I did a few stretches, replenished my water supply, and made the decision to keep going. I realize that it may seem crazy to you that I did that, but getting in 20 miles now will make marathon day that much easier (if 26.2 miles is ever easy). I did promise myself that I would not run the 7 miles fast, and would go at a pace that wouldn’t aggravate the pain.

In the beginning it really wasn’t too bad - actually, I’d say until mile 5 it wasn’t bad. The run is almost entirely downhill and shady, and I got in the zone and took my time. However, when we reached the towpath along the canal, the heat was near 90 degrees and I began getting dehydrated again, feeling feverish, and spent every 5 seconds looking for mile marker 10.5 - which of course, never came! I think someone tore it down, so Kathy and I probably ran a bit longer than 20 miles.

We limped our way up the stairs onto M street just before the Key Bridge - and at that point, I mean really limped. I could barely pull myself up the stairs I was so stiff! Then we found an Exxon across the street that had very very cold water and bananas! Despite the fact that I felt like I was going to get sick, I ate a banana at Kathy’s suggestion, and slowly felt better - which was good, because it took about 20 minutes to find a taxi to take us back to Arlington. When we did, we both agreed it was the BEST TAXI RIDE ever.

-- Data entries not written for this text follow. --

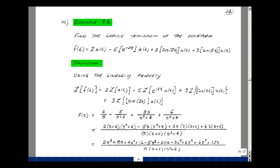The linearity property says the Laplace transform of the sum is the sum of the Laplace transforms. We take the Laplace transform of each term with its scalar. Looking up in our table: the Laplace transform of u(t) is 1 over s, multiplied by 2. For e to the minus alpha t we have 1 over s plus alpha, multiplied by minus 5. We have 3 times the cosine transform, which is s over s squared plus 4. And for sine of 2t, beta is 2, so we get 6 over s squared plus 4.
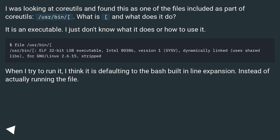When I try to run it, I think it is defaulting to the bash built-in line expansion instead of actually running the file.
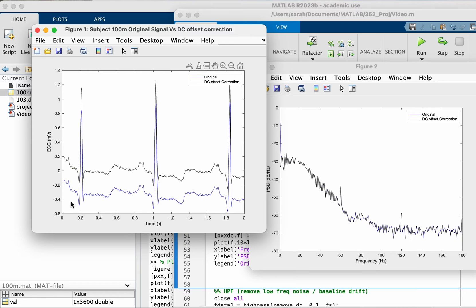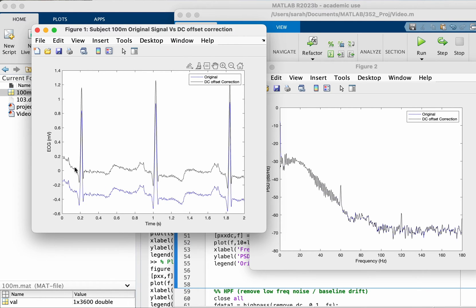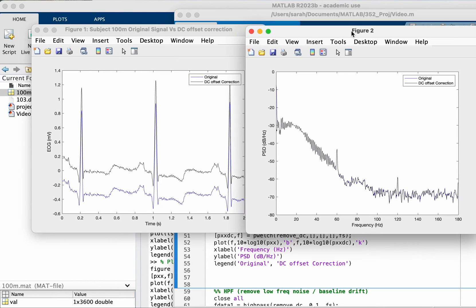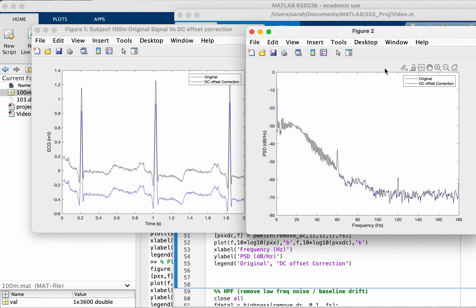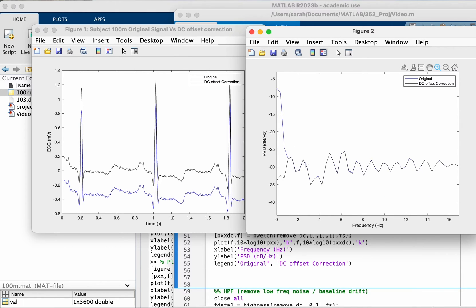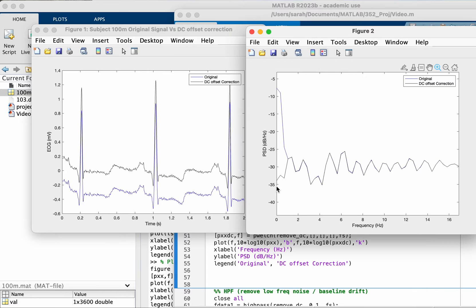You can see the original here is in blue. It is shifted down, so the DC offset is negative in this case, so we're correcting that and the signal moved up. Let's see it in the frequency domain. You can see here if you zoom in, this is the original and this is the corrected, so we removed the DC offset which happens at frequency zero.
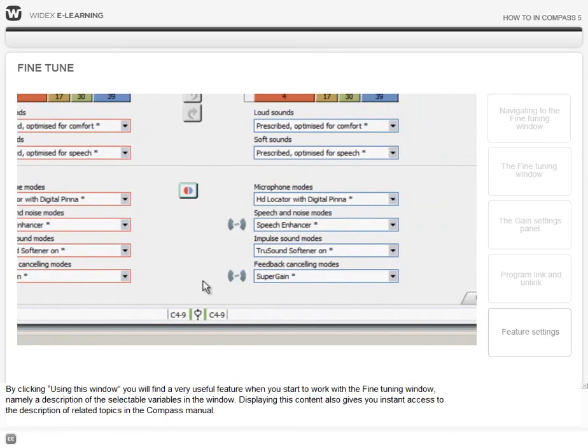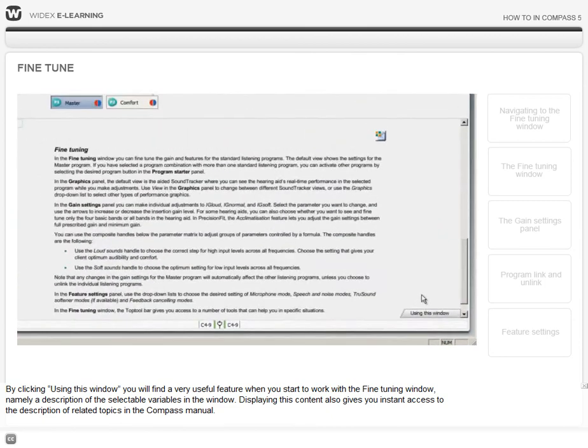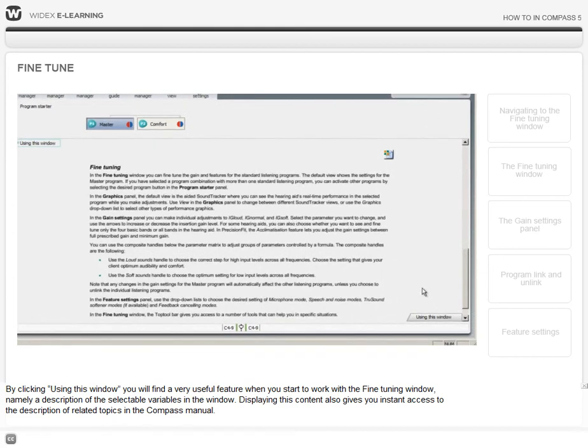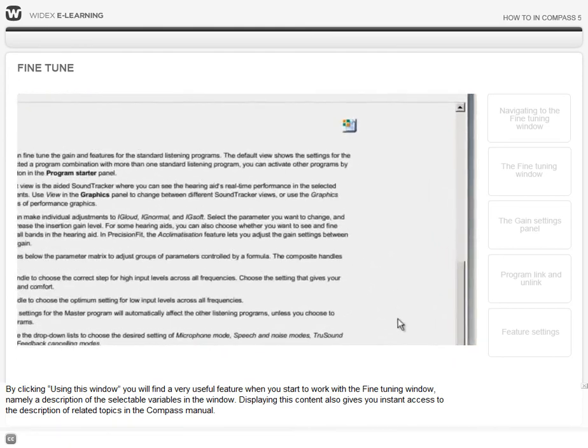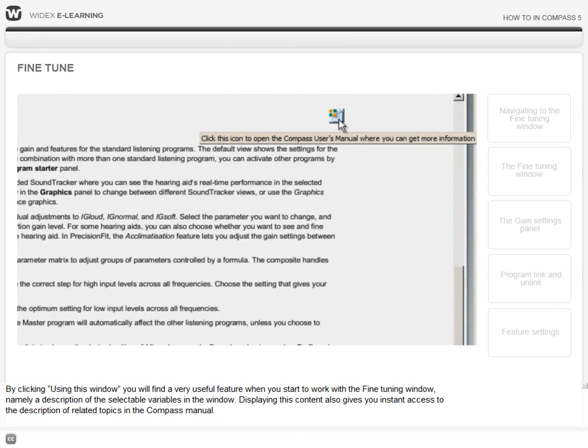By clicking using this window, you will find a very useful feature when you start to work with the fine-tuning window. Namely, a description of the selectable variables in the window. Displaying this content also gives you instant access to the description of related topics in the Compass manual.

Overall I’m in good spirits. A bit frustrated about the pain in my knee, but glad I have a few weeks to recover before the big event. I’m taking it easy, learning how to stretch the area, and loading up on advil. I’m also in complete awe that I’ve almost reached my fundraising goal. With additional donations received over the weekend (THANK YOU!) and some checks I’ve received, I’m estimating a number close to $850. Just $150 to go! If you haven’t donated yet, but would like to, I’d love your support! Thanks also to my amazing running partner, Kathy. I wouldn’t be able to do this without you!

4 Responses to “Marathon training, extreme sports edition”

  1. 1 Edward

    It’s good to read the stories of the people running in the race. I took a bunch of pictures, including, I think, one of you running the race just as you came out of the tunnel under 355.

  2. 2 Michaela

    Hey Edward - wow, thanks for sharing the photo. I hope you don’t mind if I include it in a post giving you attribution? It’s not the most flattering photo I’ve ever seen, but it definitely expresses how I was feeling that day!

  3. 3 Bethany

    You are HARDCORE!

  4. 4 Edward

    Go ahead, use it however you like. You don’t get much more flattering photos after 13 miles of running.